I have a dataframe shown below. I want to compute the cumulative sum for each id on V such that when the cumulative of the previous row is greater or equal to the threshold of 25, the cumulative sum will reset to current value as seen in the image below. I have tried writing a user-defined to operator on V but I received an error which says the it is not iterable. I tried you lag but I was not successful either.
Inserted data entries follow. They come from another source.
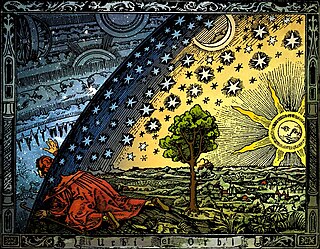 1888 Flammarion gravürünün renkli bir versiyonu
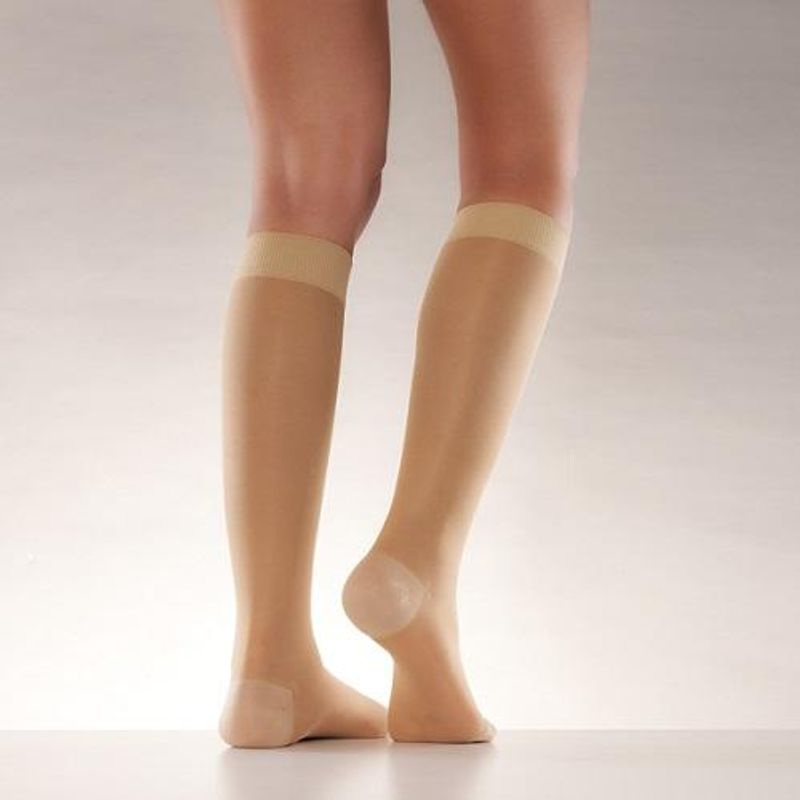 Mabs nylon knestrømpe K1 sand XL 1 par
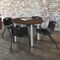 Regency Round Kee Breakroom Table W/ 4 M Stack Chairs, 42 in W, 42 in L, Neo Walnut TB42RNDNWBPCM47BK - alternate 4
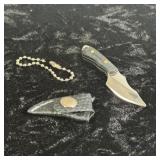 Mini Portable Blade Pocket Knife with Sheath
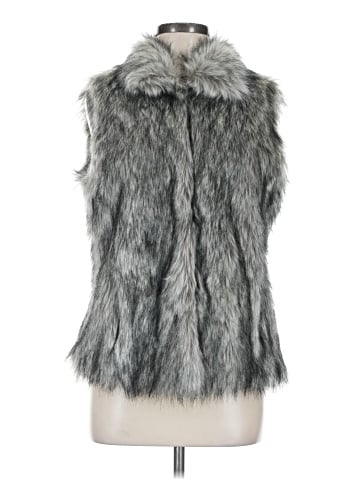 White House Black Market Faux Fur Vest (view 1)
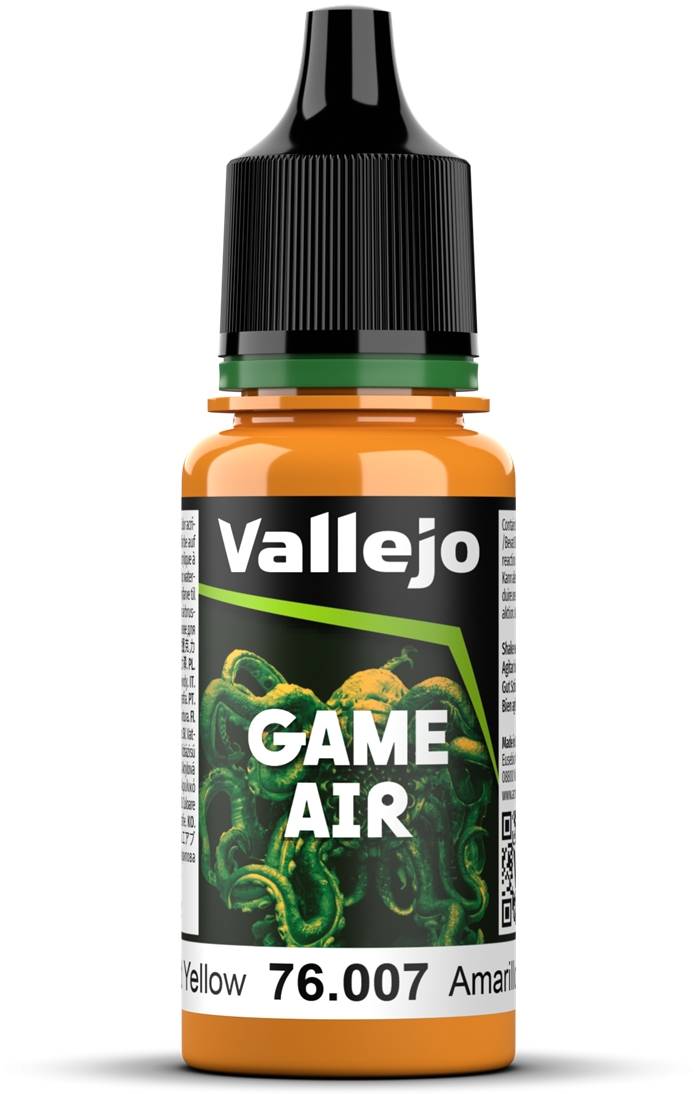 Vallejo: 76.007 - Game Air - Gold Yellow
I need help!

df = sqlContext.createDataFrame(
[('Mark', 0.0), ('Mark', 1), ('Mark', 1),
('Mark', 1), ('Mark', 25), ('Mark', 1),
('Mark', 1),('Mark', 1),('Mark', 20),
('Mark', 1),('Mark', 1),('Mark', 1),
('Mark', 1),('Mark', 1),('John', 0),
('John', 1),('John', 1),('John', 1),
('John', 1),('John', 1),('John', 1),
('John', 1),('John', 9),('John', 1),
('John', 1),('John', 1),('John', 1),
('John', 1),('John', 1),('John', 1),
('John', 1),('John', 1),('John', 1),
('John', 7),('John', 1)], 
('id', "V"))

CodePudding user response：

Maybe there is a prettier faster way, this will work but isn't efficient. Windows are expensive (memory) to use. If you are going to use this in production be wary. If speed is required a custom udf used with a window might be a little faster than this to avoid the double windowing:

    val df = Seq(("Mark", 0), ("Mark", 1), ("Mark", 1),
    ("Mark", 1), ("Mark", 25), ("Mark", 1),
    ("Mark", 1),("Mark", 1),("Mark", 20),
    ("Mark", 1),("Mark", 1),("Mark", 1),
    ("Mark", 1),("Mark", 1),("John", 0),
    ("John", 1),("John", 1),("John", 1),
    ("John", 1),("John", 1),("John", 1),
    ("John", 1),("John", 9),("John", 1),
    ("John", 1),("John", 1),("John", 1),
    ("John", 1),("John", 1),("John", 1),
    ("John", 1),("John", 1),("John", 1),
    ("John", 7),("John", 1)).toDF("id","V")
    val windowSpecLag = Window.partitionBy("id").orderBy("id")
    val windowSpec = Window.partitionBy("id").orderBy("id").rowsBetween(Window.unboundedPreceding,Window.currentRow )
    // add a running sum to the window
    val divis = df.withColumn("sum",sum("V").over(windowSpec)).withColumn("divis",floor(col("sum")/25))
    // shift around the numbers so the math works as desired
    val lagged = divis.withColumn("clag", (lag("divis", 1, 0) over windowSpecLag) )
    //re-run running total on newly partitioned data
val windowSpecFixed = Window.partitionBy("id","clag").orderBy("id","clag").rowsBetween(Window.unboundedPreceding,Window.currentRow )
lagged.withColumn("runningTotalUnder25",sum("V").over(windowSpecDivis)).show(100)

If you wanted to do this efficiently, I'd probably try and reframe the problem so I could use group by. Or change the way the data is defined.